Fig. 7 is an external perspective view of the local heating apparatus of the present invention, Fig. 8 is a front view of the local heating apparatus of the present invention, and Fig. 9 is a longitudinal sectional view of the local heating apparatus of the present invention.

As shown, the local heating device 100 of the present invention comprises a lower body 110 largely fixed to the bottom surface and an upper body 120 serving as a lid covering the lower body 110.

The outer wall of the lower body 110 is made of a metal material and a hollow space is formed therein. Refractory material 111 such as a refractory brick or a refractory ceramic is attached to an inner wall surface of the inner space of the lower body 110.

The material loading hemispheres 101a are formed on the front and rear surfaces of the lower body 110 so as to face each other. In this embodiment, the material loading hemispheres 101a have a semicircular shape in a downward direction from the upper end of the lower body 110. It is formed concave. However, the shape of the material loading hemisphere 101a is not limited thereto, and may be concave in a rectangular shape as necessary.

The upper body 120 is mounted on the upper part of the lower body 110 to close the internal space of the local heating apparatus 100 and is similarly formed on the outer wall formed of a metallic material and the inner wall surface of the inner space 121. Is made of.

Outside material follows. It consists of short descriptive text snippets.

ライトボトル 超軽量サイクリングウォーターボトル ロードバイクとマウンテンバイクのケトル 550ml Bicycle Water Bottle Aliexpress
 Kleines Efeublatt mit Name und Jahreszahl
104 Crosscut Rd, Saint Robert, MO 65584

Like the case of the lower body 110, the material loading hemisphere 101b is also formed at the front and rear surfaces of the upper body 120 to face each other. Here, the material loading hemisphere 101b is also preferably formed in a semicircular shape concave upward from the lower end of the upper body 120, but the shape is not limited thereto.

The material loading hemispheres 101a and 101b respectively formed in the upper body 120 and the lower body 110 are positioned to face each other up and down to form a circular material charging hole 101.

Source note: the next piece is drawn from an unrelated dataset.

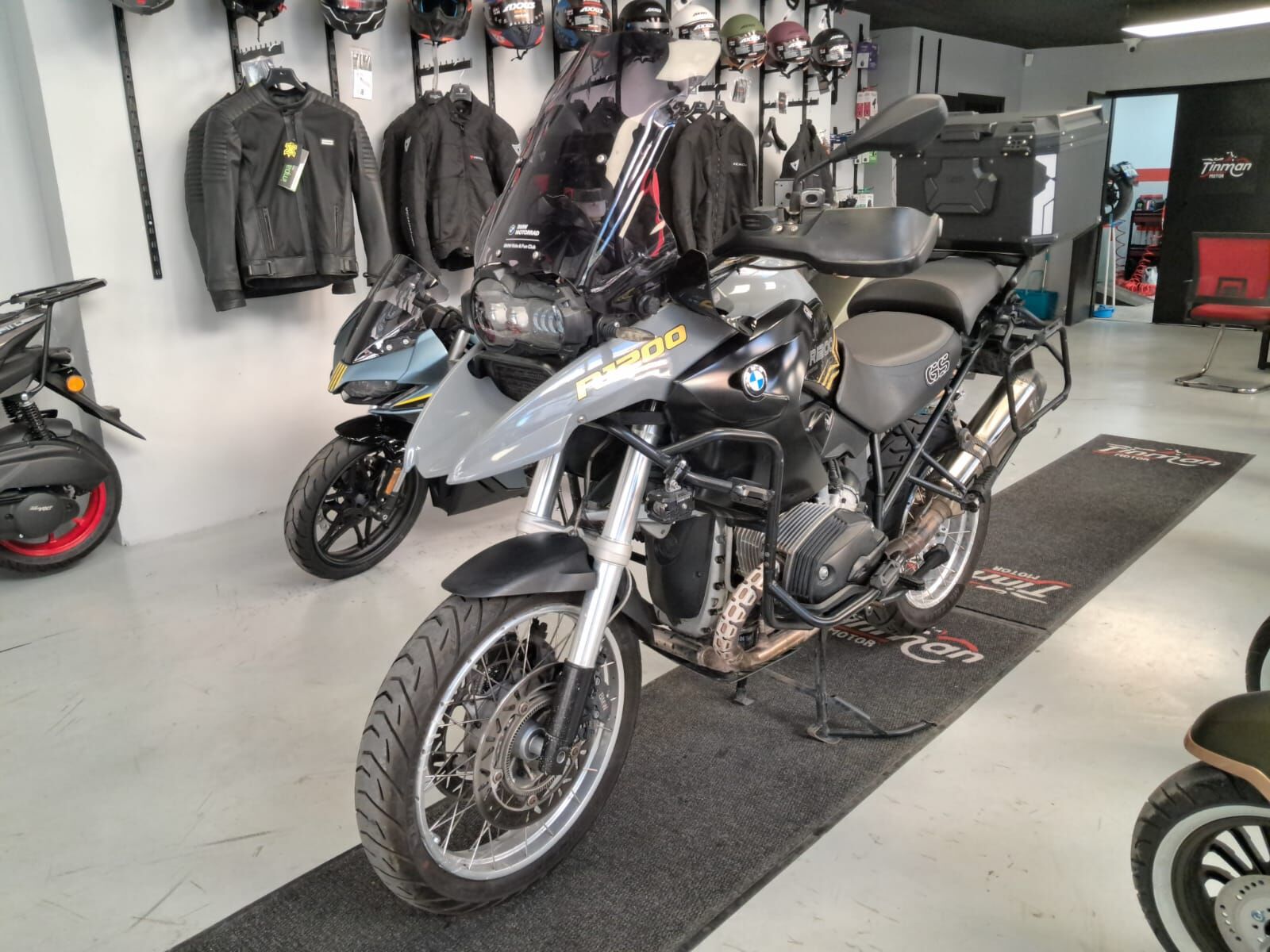 BMW - R1200 GS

Burners 140 are installed at both sides of the lower body 110, and the burner 140 has a fuel supply pipe 141 and external air for transporting fuel such as LNG to the burner 140 as shown in the burner ( An air blower pipe 144 for supplying to 140 is connected. In the drawings, reference numeral 142 denotes a pressure regulator, and 143 denotes an open / close valve.

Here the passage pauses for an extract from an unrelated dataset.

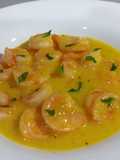 Camarones cocidos en leche de coco y especias del medio oriente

At least one temperature sensor 145 is mounted to the side wall of the lower body 110 through the side wall. An exhaust passage 146 for discharging the combustion gas therein is provided on the bottom surface of the lower body 110.

The upper body 120 coupled to the upper end of the lower body 110 is mounted to be opened and closed up and down, and is preferably opened and closed using a hydraulic cylinder 150. That is, after installing the pneumatic pneumatic cylinder 150 on one side of the lower body 120, the upper body 120 connected thereto by the linear movement of the cylinder rod 151 is rotated to open and close. In the present embodiment, the hinge piece 110a and the pivot shaft 153 coupled thereto are mounted at an upper end of one side wall of the lower body 110, and the connecting piece 152 and the upper body 120 coupled to the front end of the cylinder rod 151. Coupling piece (122) connected to the fixed to the hollow tube 154 is coupled to the outer peripheral surface of the rotation shaft (153).

Semi-circular shielding blankets 131 and 132 are mounted on the material loading hemispheres 101a and 101b constituting the material charging hole 101 of the local heating furnace 100, respectively. The shielding blankets (131, 132) is preferably formed of a refractory material such as a ceramic material.

The shielding blankets 131 and 132 are loaded with a preform into a local heating device 100 for manufacturing a crankshaft having various diameters so that the heat inside the heating device leaks through the material charging hole 101 when the local heating is performed. In order to prevent this, the pair is mounted to face each other up and down.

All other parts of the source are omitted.